DIRECTIONS -
Begin at the line with "Citroen C-4 Picasso" and output every line through the end of the records, exactly as given. Omit pictures.

DATASET CONTENT -

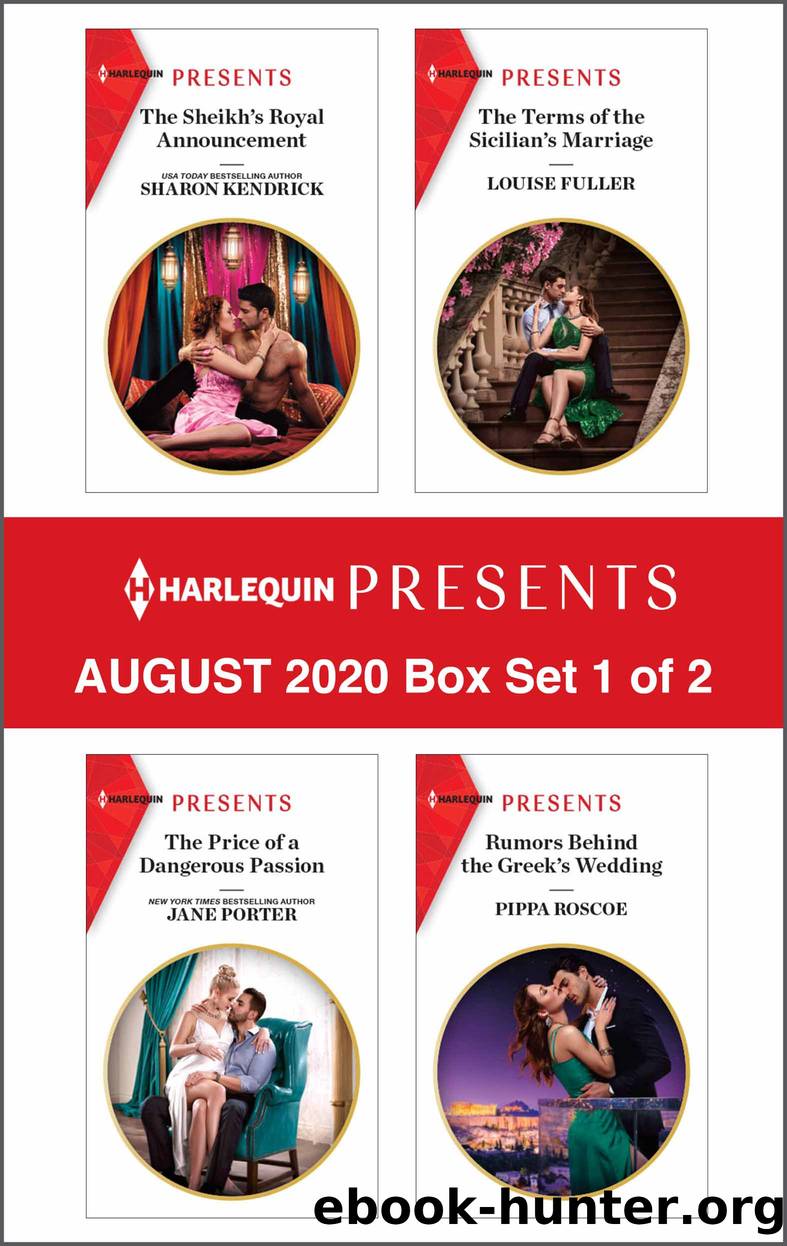 Harlequin Presents--August 2020--Box Set 1 of 2 by Sharon Kendrick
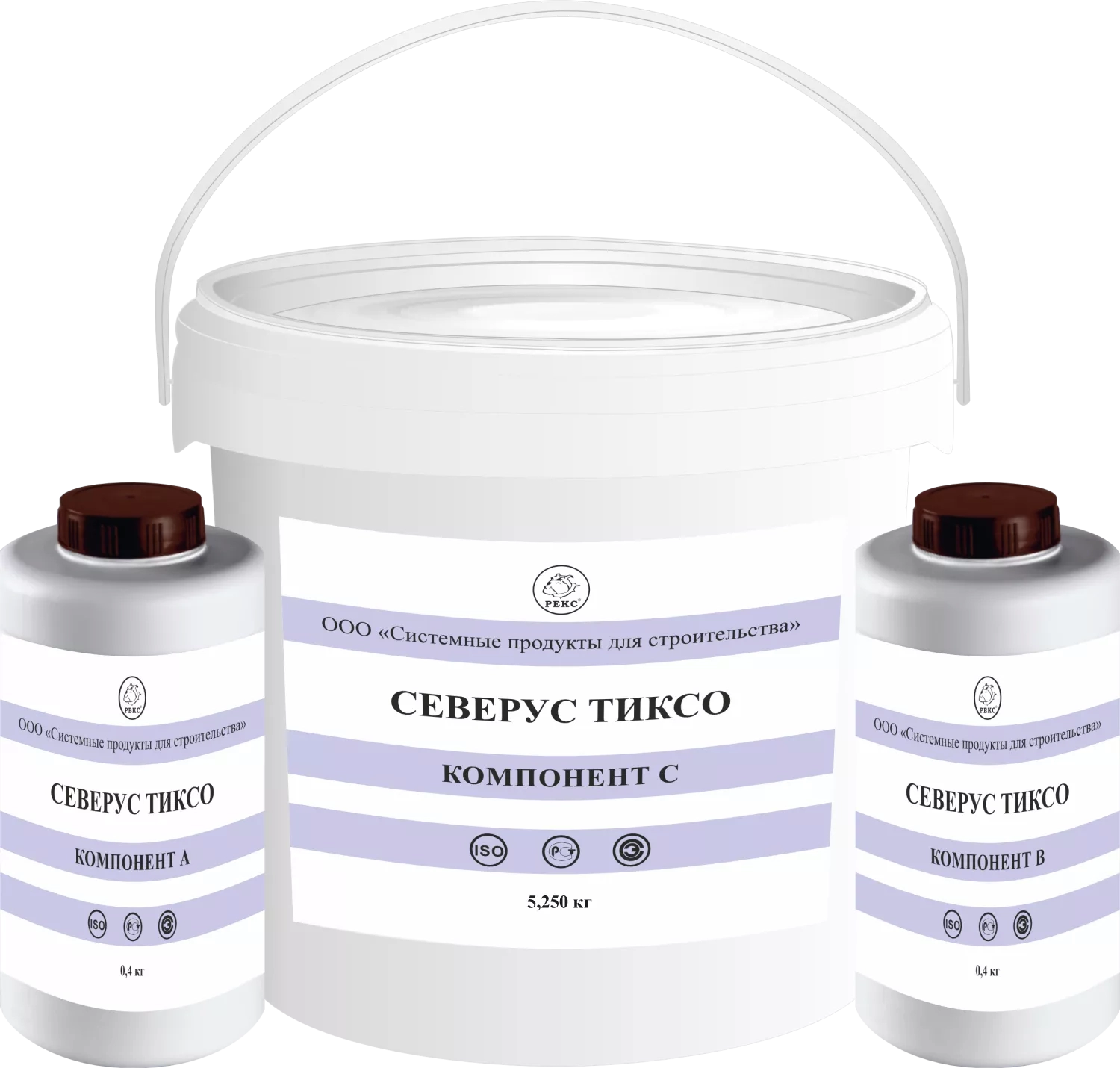 РЕКС СЕВЕРУС ТИКСО (комплект 6,05 кг)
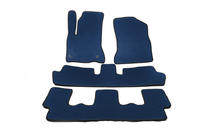 Citroen C-4 Picasso 2006–2013 EVA automatten (3 rijen, blauw) foto 1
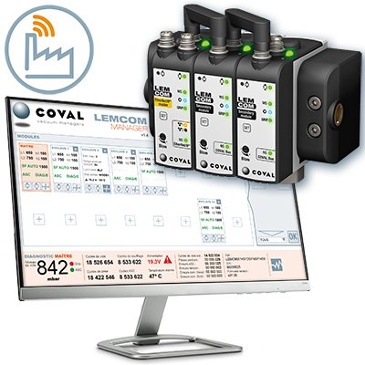 COVAL presenta la gestión de vacío simplificada
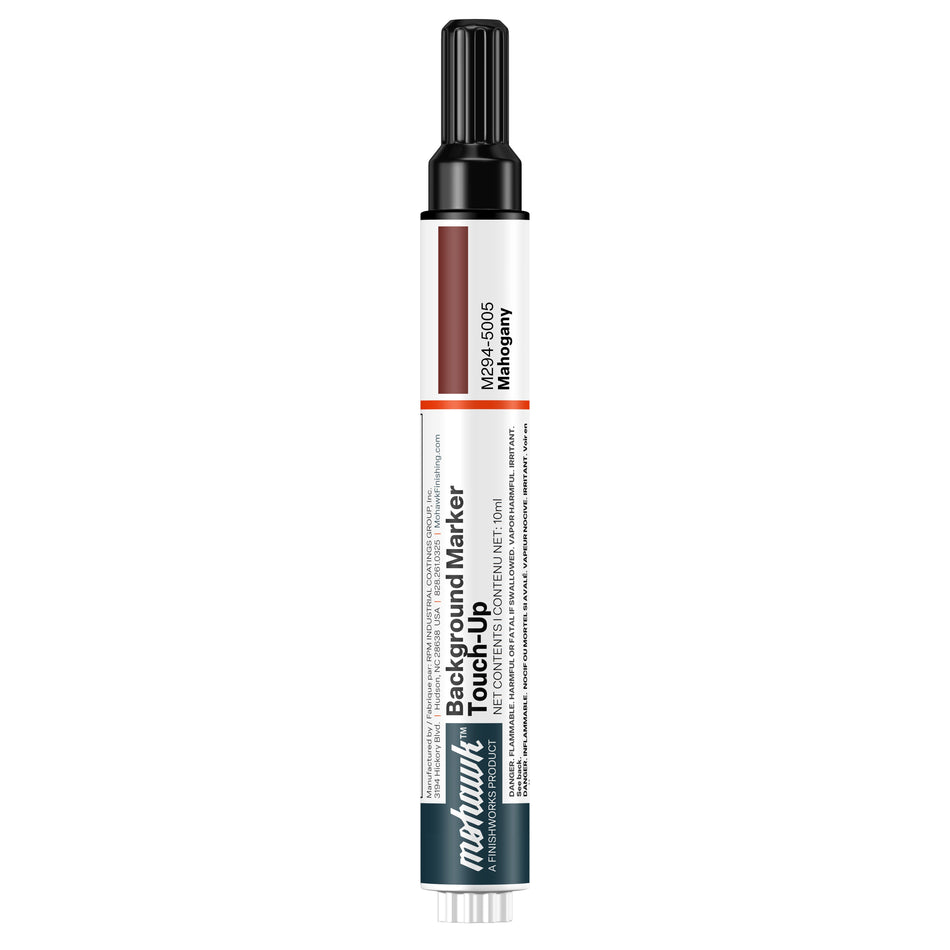 Mohawk Mahogany background marker touch-up pen for wood finish repair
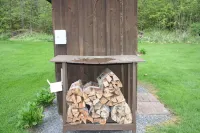 Vacation Rental Cabin, Keuka Lake Outlet-Trail, Wine Trail.  Brand New in 2016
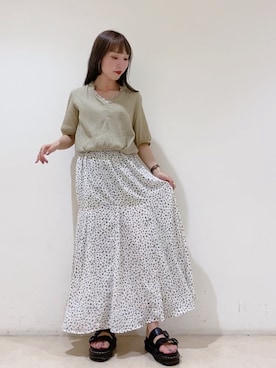 やぎみさきさん（レディース・152cm）の夏コーディネート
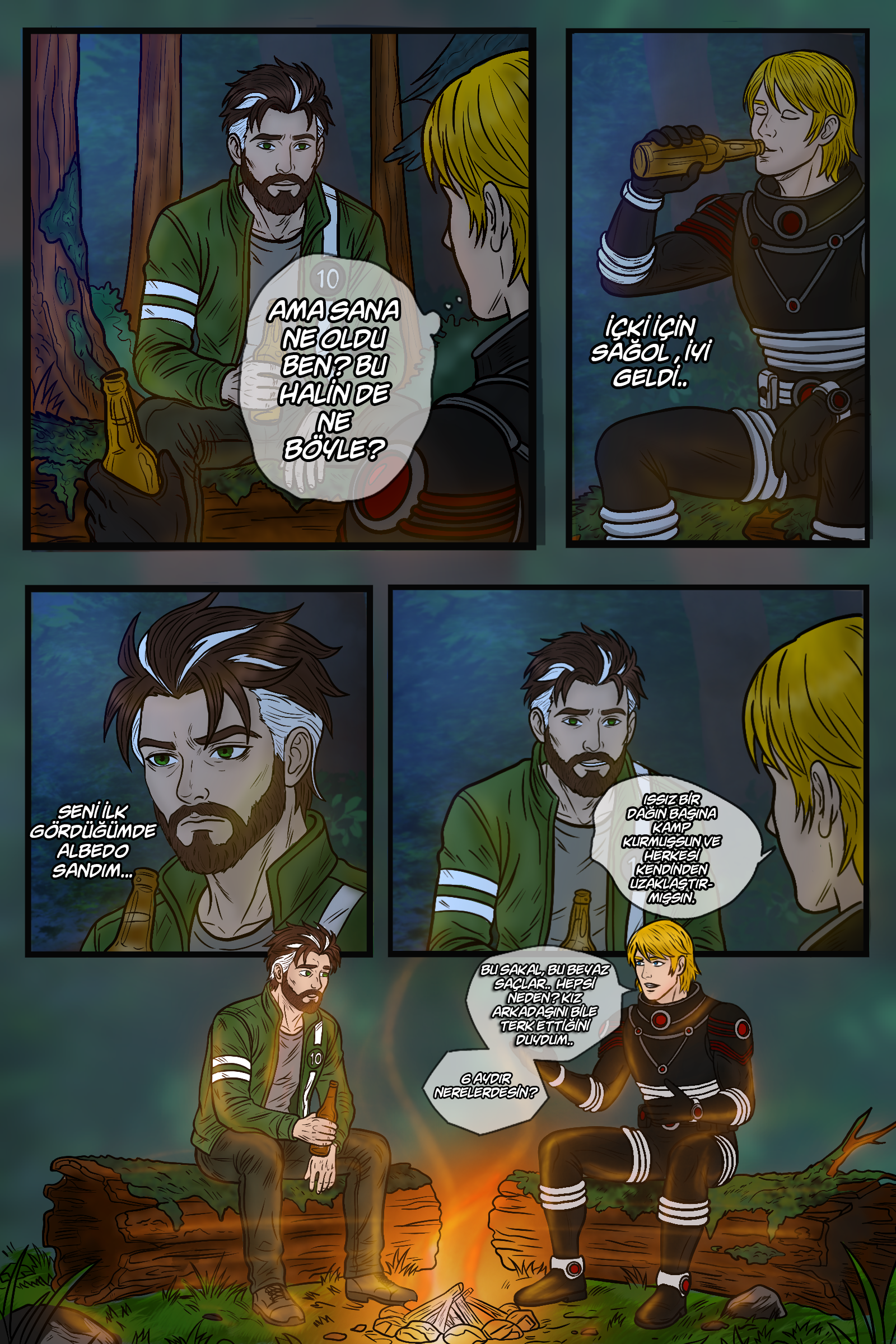 Chapter #001 KAYIP KAHRAMAN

ANSWER -
 Citroen C-4 Picasso 2006–2013 EVA automatten (3 rijen, blauw) foto 1
 COVAL presenta la gestión de vacío simplificada
 Mohawk Mahogany background marker touch-up pen for wood finish repair
 Vacation Rental Cabin, Keuka Lake Outlet-Trail, Wine Trail.  Brand New in 2016
 やぎみさきさん（レディース・152cm）の夏コーディネート
 Chapter #001 KAYIP KAHRAMAN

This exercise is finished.